Again this is one of those 'written to death' subjects. I will only, as requested, touch on 'get home bags.' Let's assume you are intelligent enough to have by now purchased, not only a handgun, but a battle rifle and have gotten some expert training and do indeed practice with your firearms, okay. If not, poodle walking time.

My get home bag is nothing more than an old surplus Czech ruck-sack filled with items I think and hope will help me get home from any natural or man-made disaster if I were stranded on the road. I keep it and a small medical kit along with another ruck-sack which contains my 'critter-getter' in the back seat of my truck. I also have the same setup in my wife's vehicle. One of my readers asked if I worried about thief. Of course I do,  but I'd much rather have the peace of mind knowing my bags are always with me, and besides, if thief is a great concern, then remove the bags each evening and replace the next morning.
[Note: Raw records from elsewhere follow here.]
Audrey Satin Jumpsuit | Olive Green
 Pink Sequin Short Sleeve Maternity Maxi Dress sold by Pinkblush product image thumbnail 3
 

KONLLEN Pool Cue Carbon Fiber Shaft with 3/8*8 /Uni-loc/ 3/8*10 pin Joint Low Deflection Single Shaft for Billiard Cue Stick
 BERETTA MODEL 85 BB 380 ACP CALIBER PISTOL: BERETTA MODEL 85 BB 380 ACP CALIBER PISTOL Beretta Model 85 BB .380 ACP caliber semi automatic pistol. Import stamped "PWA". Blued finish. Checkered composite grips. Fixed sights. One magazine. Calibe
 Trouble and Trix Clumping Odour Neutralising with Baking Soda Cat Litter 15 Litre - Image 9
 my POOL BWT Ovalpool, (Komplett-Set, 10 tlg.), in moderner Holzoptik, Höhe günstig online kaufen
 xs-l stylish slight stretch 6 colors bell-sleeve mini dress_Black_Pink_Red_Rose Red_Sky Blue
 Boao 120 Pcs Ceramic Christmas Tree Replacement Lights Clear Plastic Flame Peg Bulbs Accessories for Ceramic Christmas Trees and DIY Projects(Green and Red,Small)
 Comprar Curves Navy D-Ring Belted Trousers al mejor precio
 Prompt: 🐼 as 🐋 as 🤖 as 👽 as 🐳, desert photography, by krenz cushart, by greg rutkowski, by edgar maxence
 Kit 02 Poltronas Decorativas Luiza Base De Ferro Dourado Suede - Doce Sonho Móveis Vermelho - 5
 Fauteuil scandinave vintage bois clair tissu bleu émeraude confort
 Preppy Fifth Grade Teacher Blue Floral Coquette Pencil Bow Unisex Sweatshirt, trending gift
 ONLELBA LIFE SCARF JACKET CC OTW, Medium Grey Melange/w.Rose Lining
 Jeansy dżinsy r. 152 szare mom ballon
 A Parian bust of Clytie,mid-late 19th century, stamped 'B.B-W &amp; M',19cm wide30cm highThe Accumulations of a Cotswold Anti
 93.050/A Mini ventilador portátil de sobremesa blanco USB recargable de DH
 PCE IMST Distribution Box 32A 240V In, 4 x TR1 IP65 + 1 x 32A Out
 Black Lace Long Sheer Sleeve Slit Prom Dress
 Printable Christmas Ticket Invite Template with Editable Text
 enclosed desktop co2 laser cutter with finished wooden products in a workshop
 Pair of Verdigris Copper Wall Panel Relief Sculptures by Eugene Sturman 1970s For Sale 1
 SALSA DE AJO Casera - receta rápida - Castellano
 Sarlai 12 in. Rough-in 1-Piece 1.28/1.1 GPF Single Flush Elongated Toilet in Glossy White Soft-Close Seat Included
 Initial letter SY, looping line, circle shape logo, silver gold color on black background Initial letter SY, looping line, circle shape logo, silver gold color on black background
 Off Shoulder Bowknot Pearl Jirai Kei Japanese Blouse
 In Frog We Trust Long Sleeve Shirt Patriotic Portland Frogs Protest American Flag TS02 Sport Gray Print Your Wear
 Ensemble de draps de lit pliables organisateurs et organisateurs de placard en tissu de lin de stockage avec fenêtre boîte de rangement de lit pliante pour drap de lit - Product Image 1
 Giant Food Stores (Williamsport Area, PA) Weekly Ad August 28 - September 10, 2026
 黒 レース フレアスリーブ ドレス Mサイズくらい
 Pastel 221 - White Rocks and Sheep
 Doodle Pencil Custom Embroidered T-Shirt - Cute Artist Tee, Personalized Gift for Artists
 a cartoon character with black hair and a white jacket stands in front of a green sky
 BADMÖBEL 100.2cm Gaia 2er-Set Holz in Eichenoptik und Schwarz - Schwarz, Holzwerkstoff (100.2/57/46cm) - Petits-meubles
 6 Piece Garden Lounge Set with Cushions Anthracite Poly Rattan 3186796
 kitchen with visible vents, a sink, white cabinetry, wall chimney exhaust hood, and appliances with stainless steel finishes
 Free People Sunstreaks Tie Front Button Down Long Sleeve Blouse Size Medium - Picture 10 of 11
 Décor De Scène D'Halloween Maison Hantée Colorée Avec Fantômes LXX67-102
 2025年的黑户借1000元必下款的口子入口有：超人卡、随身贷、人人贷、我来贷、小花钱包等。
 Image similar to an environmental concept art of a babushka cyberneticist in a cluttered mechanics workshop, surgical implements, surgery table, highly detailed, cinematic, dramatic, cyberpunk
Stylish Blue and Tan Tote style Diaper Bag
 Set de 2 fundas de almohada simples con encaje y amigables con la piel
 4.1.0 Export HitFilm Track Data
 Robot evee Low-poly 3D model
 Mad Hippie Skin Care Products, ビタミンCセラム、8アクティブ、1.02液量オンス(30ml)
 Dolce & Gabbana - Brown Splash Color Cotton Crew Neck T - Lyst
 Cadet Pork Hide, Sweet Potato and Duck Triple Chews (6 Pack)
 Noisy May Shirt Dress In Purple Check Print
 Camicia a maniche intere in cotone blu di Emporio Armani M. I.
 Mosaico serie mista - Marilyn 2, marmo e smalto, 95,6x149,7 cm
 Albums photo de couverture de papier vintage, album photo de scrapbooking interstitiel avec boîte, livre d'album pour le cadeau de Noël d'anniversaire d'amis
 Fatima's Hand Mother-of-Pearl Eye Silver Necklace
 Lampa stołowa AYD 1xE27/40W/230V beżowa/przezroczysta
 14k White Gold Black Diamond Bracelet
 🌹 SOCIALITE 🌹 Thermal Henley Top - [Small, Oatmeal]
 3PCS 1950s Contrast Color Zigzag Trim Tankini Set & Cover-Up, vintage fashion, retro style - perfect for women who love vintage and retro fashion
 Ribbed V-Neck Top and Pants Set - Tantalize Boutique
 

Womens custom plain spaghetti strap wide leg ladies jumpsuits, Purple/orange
Contents, well it's kinda personal, but I have water, Datrex food bars (Emergency Essentials) spare clothing, a fire kit (remember the rule of three here, more on that later) a small radio, para-cord and assorted other items. Personalize yours to your needs and climate, adjust to the seasons of the year.
Why you ask, because once upon a time I found myself broken down in the mountains of western Washington State. The nearest help was ten long miles via logging roads with sunset just minutes away. Guess where I spent the night.
Let's pretend, shall we, you are twenty miles across a large city from your home. The Great One has taken one up side his noggin by a freak with a baseball bat and said freak hits a home run. What do you think will happen within the next fifteen minutes....go ahead, take your time. I'll tell you - we will have what we military guys call a 'target rich environment.' Now, you or your wife or your child is 'way out yonder' and their car or truck gets taken by the zombies, and if they escape with their lives, dodging lead and burning buildings and they have a twenty or thirty mile walk home, what do you think their odds are of making it to the safety of your loving arms. Think about it. Any questions?

Folks, I've run out of time. If you want me to continue this, let me know. I do so appreciate your time and patience. Duty calls. And please overlook my edit work, I'm too far behind to worry about it. Thanks.